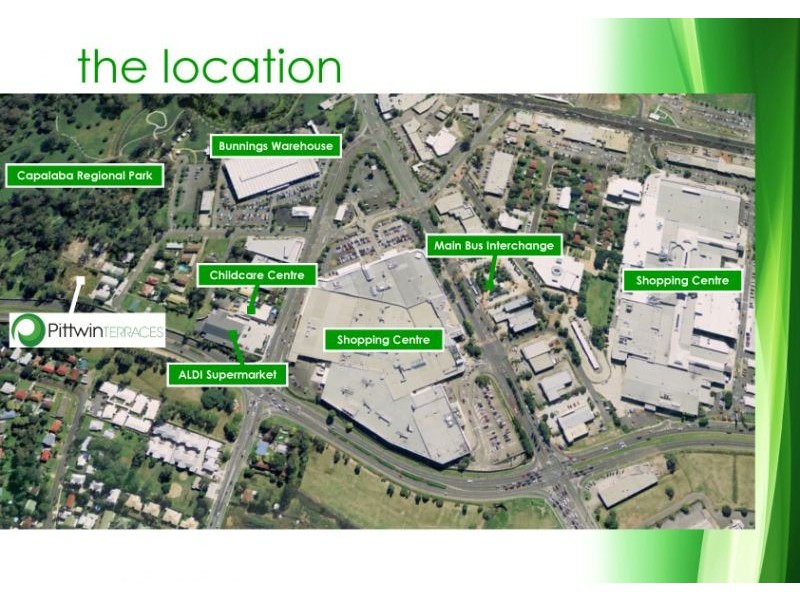 27 Pittwin Road Terraces, Capalaba QLD 4157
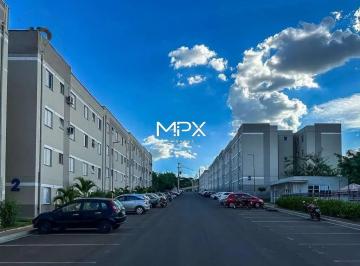 Apartamento · 45m² · 2 Quartos · 1 Vaga · Apartamento para alugar no Vitta Jardins em Piracicaba.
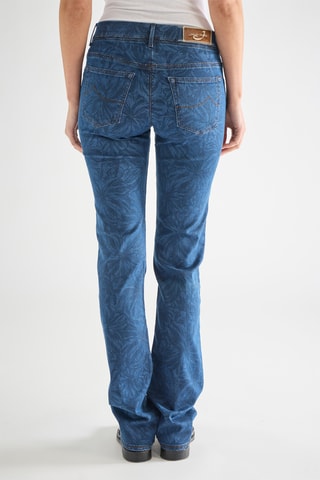 Broek - Blauw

*What the task requires*
Pictures are to be excluded; all other material must be transcribed exactly.

*Your response*
 27 Pittwin Road Terraces, Capalaba QLD 4157
 Apartamento · 45m² · 2 Quartos · 1 Vaga · Apartamento para alugar no Vitta Jardins em Piracicaba.
 Broek - Blauw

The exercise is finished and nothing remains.